Conservative groups and vaping trade associations also have come out in opposition, saying that the agency’s efforts to regulate the e-cigarette industry amount to government overreach.
The new restrictions do not apply to menthol, mint or tobacco flavors, which the F.D.A. wants to keep available for adults who are using e-cigarettes to quit smoking combustible cigarettes.
The F.D.A. will also track youth use of menthol and mint e-cigarettes, Dr. Gottlieb said. If they become too popular, he added, the F.D.A. will reconsider the exemption. Such a move would be especially harmful to Juul Labs. The vaping giant, under F.D.A. pressure, has already moved sales of its flavored e-cigarettes online, except for menthol, mint and tobacco, which it sells in stores.
But some public health advocates say the moves are too late.
“While this announcement sounds big and bold, it isn’t really,” said Micah Berman, an associate professor at The Ohio State University College of Public Health and Moritz College of Law. “The F.D.A.’s announcement exempts mint/menthol, which is the most popular flavor with kids and one that makes it easier to initiate use. And in any event, most kids are getting these products online or through older friends, not buying them in convenience stores.”
The proposal also calls for banning the sale of many flavored cigars.
“The data also indicate that eliminating flavors from cigars would likely help prevent cigar initiation by young people,” Dr. Gottlieb said. Under the new plan, cigar companies would have 30 days to remove the products from the market, and would have to apply for F.D.A. approval to go back on the shelves.
In addition, all e-cigarettes, cigars and related products not on the market by Feb. 15, 2007, must seek F.D.A. approval to sell them by August 2021. As part of their application, manufacturers must prove that their products are beneficial to public health. The agency’s original deadline for these products to comply with new, tougher regulations was extended by Dr. Gottlieb from August 2018 to 2022. Wednesday’s action chops one year off that extension.
The plan issued on Wednesday is still a draft, and must undergo a 30-day comment period before it can be finalized. It’s an unusual regulatory approach, neither a new rule, nor a voluntary guideline. Instead, the F.D.A. is telling e-cigarette makers that if their products are sold in violation of this request, they can be taken off the market, and forced to apply for agency approval. The F.D.A. can do this under its discretionary enforcement authority.
Dr. Gottlieb is scheduled to have stepped down by that time, and Dr. Norman E. (Ned) Sharpless, director of the National Cancer Institute, was named this week to replace him as acting commissioner.
Dr. Sharpless has expressed support for the e-cigarette crackdown to reduce teenage use. In his comments, Dr. Gottlieb stressed that the Trump administration has backed the plan.
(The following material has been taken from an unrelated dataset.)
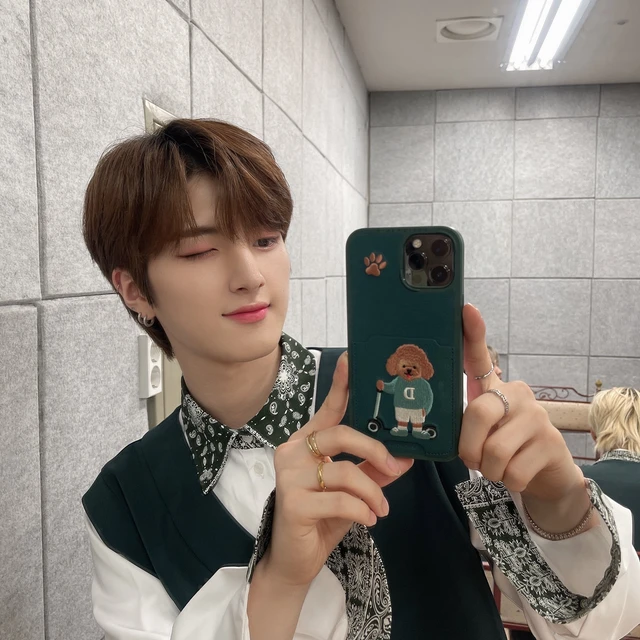 Hyunbin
Also drawing opposition is the agency’s request in the president’s budget released on Monday to collect an estimated $100 million in user fees from e-cigarette makers, similar to the fees imposed on tobacco companies and other manufacturers, to help enforce regulations aimed at teenage vaping.
Liz Mair, a Republican political consultant who founded Vapers United, a group that supports tools to stop smoking, said the user fee was equivalent to a tax on the industry and would raise prices on alternatives to traditional smoking.
“If your concern is improving public health, either as a matter of altruism and ethics or pure concern for taxpayers’ pocketbooks,” she said, “your policy should generally be to keep vapor taxes lower than cigarette taxes to incentivize people to try to quit smoking using them.”